Testing Internet Speeds
Recently, a few of our customers have upgraded their internet connections. Wanting to test the shiny new connections and demonstrate that they were money well spent, they went to speedtest.net and were disappointed to discover that the reported speeds were unexpectedly low when the traffic was routed through their Opendium Iceni web filter. We ended up fielding a few support calls relating to this, and after some investigation discovered that the low speeds being reported were largely due to flaws in the speedtest.net application.
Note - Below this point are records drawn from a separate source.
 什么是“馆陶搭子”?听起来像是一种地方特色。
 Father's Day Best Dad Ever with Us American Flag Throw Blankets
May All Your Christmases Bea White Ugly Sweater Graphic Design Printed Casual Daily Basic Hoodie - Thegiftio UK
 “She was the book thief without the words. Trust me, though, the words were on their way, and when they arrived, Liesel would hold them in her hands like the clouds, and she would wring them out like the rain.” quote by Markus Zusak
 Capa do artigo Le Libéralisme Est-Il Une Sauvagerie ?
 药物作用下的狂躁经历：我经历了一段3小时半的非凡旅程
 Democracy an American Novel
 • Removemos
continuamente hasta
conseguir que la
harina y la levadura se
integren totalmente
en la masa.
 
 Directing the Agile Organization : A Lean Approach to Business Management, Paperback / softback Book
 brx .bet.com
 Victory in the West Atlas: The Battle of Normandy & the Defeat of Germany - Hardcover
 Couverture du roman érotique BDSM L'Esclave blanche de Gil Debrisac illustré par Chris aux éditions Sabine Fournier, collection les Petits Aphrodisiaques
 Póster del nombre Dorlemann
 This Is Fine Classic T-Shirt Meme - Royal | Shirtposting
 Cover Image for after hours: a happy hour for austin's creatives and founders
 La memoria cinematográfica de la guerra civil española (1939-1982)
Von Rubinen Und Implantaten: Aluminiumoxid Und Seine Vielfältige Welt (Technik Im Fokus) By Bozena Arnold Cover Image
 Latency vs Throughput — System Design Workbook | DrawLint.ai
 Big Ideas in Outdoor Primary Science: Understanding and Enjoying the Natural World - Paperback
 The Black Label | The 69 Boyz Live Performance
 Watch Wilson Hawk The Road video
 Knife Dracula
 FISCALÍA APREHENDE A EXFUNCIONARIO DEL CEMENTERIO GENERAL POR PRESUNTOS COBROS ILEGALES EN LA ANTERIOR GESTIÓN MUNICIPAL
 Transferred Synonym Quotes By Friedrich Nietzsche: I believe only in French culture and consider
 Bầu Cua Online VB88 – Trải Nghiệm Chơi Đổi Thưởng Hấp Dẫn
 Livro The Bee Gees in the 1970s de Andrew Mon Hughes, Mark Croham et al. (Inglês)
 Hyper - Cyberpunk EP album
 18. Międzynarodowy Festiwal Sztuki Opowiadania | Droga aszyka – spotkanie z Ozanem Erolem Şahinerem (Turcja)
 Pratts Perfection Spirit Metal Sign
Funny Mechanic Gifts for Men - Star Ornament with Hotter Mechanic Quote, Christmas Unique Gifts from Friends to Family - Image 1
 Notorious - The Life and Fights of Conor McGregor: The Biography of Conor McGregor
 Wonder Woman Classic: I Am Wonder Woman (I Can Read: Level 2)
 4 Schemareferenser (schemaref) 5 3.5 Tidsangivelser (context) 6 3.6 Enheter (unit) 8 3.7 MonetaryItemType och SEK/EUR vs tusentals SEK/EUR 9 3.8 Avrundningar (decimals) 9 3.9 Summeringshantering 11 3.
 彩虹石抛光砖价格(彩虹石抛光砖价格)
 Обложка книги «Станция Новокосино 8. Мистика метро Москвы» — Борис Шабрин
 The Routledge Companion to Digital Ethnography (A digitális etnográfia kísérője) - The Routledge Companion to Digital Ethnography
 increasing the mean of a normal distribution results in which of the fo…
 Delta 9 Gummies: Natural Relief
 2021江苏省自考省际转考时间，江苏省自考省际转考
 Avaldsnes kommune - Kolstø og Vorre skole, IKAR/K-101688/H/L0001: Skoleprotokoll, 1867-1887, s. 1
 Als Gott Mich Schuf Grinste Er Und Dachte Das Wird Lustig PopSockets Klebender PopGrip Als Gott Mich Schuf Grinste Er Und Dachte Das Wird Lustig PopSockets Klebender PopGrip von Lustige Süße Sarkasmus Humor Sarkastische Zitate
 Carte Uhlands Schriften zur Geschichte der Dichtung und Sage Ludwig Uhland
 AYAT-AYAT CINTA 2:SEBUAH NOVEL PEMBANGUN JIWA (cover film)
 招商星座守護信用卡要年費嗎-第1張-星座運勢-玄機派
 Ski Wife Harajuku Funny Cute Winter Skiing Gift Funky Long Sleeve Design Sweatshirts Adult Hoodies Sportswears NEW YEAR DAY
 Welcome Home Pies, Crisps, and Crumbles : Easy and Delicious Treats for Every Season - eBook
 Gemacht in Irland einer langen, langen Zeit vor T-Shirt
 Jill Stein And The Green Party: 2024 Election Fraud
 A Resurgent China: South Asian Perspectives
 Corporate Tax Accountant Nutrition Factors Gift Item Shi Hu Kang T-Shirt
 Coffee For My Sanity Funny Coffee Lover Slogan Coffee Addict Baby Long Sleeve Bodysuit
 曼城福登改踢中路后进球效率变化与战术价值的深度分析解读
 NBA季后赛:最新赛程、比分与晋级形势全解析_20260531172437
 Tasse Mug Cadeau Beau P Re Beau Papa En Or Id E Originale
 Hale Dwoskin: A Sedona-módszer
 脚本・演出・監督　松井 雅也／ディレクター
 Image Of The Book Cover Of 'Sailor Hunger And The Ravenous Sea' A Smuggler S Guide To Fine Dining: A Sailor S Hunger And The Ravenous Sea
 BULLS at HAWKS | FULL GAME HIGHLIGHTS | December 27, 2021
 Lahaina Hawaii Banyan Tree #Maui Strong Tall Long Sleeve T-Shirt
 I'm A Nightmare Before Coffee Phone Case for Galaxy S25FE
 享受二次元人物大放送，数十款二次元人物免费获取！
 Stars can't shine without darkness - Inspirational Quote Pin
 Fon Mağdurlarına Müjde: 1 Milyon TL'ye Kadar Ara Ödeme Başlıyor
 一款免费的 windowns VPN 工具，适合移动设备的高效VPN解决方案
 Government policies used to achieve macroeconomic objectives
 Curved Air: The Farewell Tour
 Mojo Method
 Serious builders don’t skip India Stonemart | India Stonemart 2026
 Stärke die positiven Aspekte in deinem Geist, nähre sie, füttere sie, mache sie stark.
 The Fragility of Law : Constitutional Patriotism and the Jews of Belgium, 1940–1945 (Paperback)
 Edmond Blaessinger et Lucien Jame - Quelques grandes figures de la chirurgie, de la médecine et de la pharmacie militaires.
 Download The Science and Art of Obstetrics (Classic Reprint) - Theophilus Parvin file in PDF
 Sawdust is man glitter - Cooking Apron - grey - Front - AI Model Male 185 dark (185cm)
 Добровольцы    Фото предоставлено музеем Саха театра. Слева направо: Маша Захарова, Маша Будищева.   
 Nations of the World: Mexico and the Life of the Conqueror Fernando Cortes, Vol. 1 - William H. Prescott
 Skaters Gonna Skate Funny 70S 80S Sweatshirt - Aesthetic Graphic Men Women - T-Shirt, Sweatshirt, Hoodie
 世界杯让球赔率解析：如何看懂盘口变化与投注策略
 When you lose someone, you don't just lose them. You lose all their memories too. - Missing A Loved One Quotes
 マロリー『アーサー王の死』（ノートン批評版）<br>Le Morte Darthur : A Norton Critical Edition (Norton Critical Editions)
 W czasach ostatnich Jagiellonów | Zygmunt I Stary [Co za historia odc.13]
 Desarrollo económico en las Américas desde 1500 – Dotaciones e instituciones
There appear to be a number of reasons for the misleading speedtest.net results: Firstly, the application appears to have a couple of different methods of testing throughput, and silently switches between them depending on various network conditions. By preference, it tests throughput by transferring large amounts of raw data on TCP port 8080, but if that fails, it falls back to using HTTP on port 80. In testing, the throughput we measured using the port 8080 test was significantly higher than the HTTP test, given otherwise identical network conditions. It was not clear to us whether the under performance of the HTTP test was due to a fault in the speedtest.net client, or the speedtest.net servers.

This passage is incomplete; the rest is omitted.